Le commerce en ligne «est l'un des plus grands défis pour la CITES», a expliqué Paul Todd, directeur de campagne à l'ONG International Fund for Animal Welfare (IFAW). «L'Internet est en train de devenir le facteur dominant dans le commerce mondial des espèces protégées (...) Il viendra un temps où le commerce de pays à pays entre gros vendeurs et gros acheteurs sera du passé».

L'impact de l'Internet a été mis en lumière dimanche à la CITES par le biais de deux propositions concernant des espèces menacés: le triton tacheté de Kaiser, une espèce de salamandre du Moyen-Orient, et les coraux rouges précieux.

Les délégués ont ainsi voté l'interdiction du commerce du triton tacheté de Kaiser, une espèce qui, selon le Fonds mondial pour la nature (WWF), a été dévastée par le commerce sur l'Internet. En revanche, une proposition des Etats-Unis et de la Suède visant à réguler le commerce des coraux rouges précieux -utilisés pour fabriquer des bijoux, et très prisés sur le Web- a été rejetée.

L'absence de régulation sur la Toile et la possibilité d'y trouver toutes sortes d'articles -de bébés lions à du vin contenant de l'os de tigre- a considérablement aggravé la situation déjà délicate de nombre d'espèces menacées.

Plusieurs études de l'IFAW ont ainsi montré que plusieurs milliers d'espèces sont vendues en ligne, notamment sur des sites d'enchères et dans des salons de discussions, la plupart du temps aux Etats-Unis, mais aussi en Europe, en Chine, en Russie et en Australie. Ce commerce est souvent illégal et concerne principalement de l'ivoire d'Afrique et des oiseaux exotiques. Sont également vendues des peaux d'animaux protégés, tels que des ours polaires et des léopards.

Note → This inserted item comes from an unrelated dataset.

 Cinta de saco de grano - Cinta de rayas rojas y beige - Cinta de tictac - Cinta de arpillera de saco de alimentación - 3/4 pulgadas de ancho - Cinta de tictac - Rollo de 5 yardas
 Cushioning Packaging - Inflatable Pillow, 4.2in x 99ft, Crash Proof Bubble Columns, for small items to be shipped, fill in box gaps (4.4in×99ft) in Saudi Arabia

En 2009, une campagne menée par l'ONG Campaign Against the Cruelty to Animals a mis en lumière la vente illégale de singes capucins, de bébés lions et d'ocelots en Equateur. «L'Internet ne connaissant pas de frontières, cela pose de nouveaux problèmes sur la protection des espèces en danger», souligne l'organisation dans son rapport.

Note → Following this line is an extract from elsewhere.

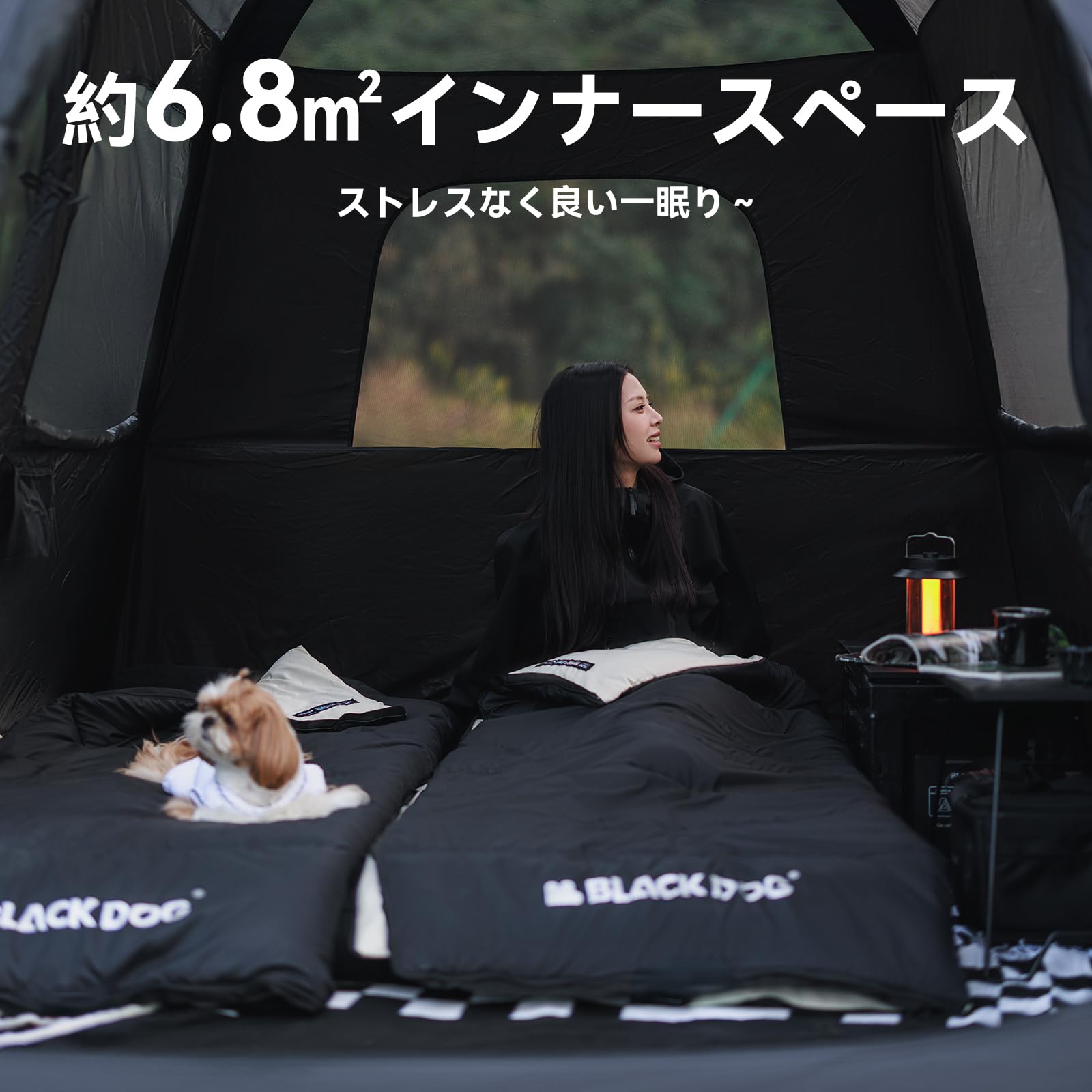 Amazon.co.jp: 【公式】BLACKDOG ロッジ型テント 峯宛6.8 4-6人用 耐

Le triton tacheté de Kaiser est l'exemple type de l'impact que peut avoir Internet sur une espèce déjà en danger. Selon une étude du WWF, cette espèce de salamandre très rare est très prisée sur le Net. Sur le millier de tritons recensés dans le monde, environ 200 sont vendus chaque année en ligne, la plupart du temps par le biais d'un site basé en Ukraine.

«L'Internet lui-même n'est pas la menace, mais c'est un autre moyen de vendre un produit», a souligné dimanche Ernie Cooper, qui a dirigé une enquête sur le triton pour l'organisation TRAFFIC Canada. «Le triton tacheté de Kaiser, par exemple, est cher, mais peu de gens sont près à payer 300 dollars (220 euros) pour une salamandre. Mais, grâce à l'Internet, on peut trouver des acheteurs sur le marché mondial».

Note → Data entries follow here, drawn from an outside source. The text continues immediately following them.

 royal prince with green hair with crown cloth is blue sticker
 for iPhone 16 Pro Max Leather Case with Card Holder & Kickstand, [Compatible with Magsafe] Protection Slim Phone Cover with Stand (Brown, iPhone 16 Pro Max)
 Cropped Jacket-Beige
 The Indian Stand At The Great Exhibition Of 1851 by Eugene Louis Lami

Les coraux rouges précieux recouvrent 32 espèces des eaux profondes de Méditerranée et sont pêchés pour fabriquer des bijoux en Italie ou en Chine, selon l'organisation de protection maritime SeaWeb. C'est l'espèce de corail la plus chère et la plus vendue au monde, mais elle ne bénéficie pour autant d'aucune protection internationale.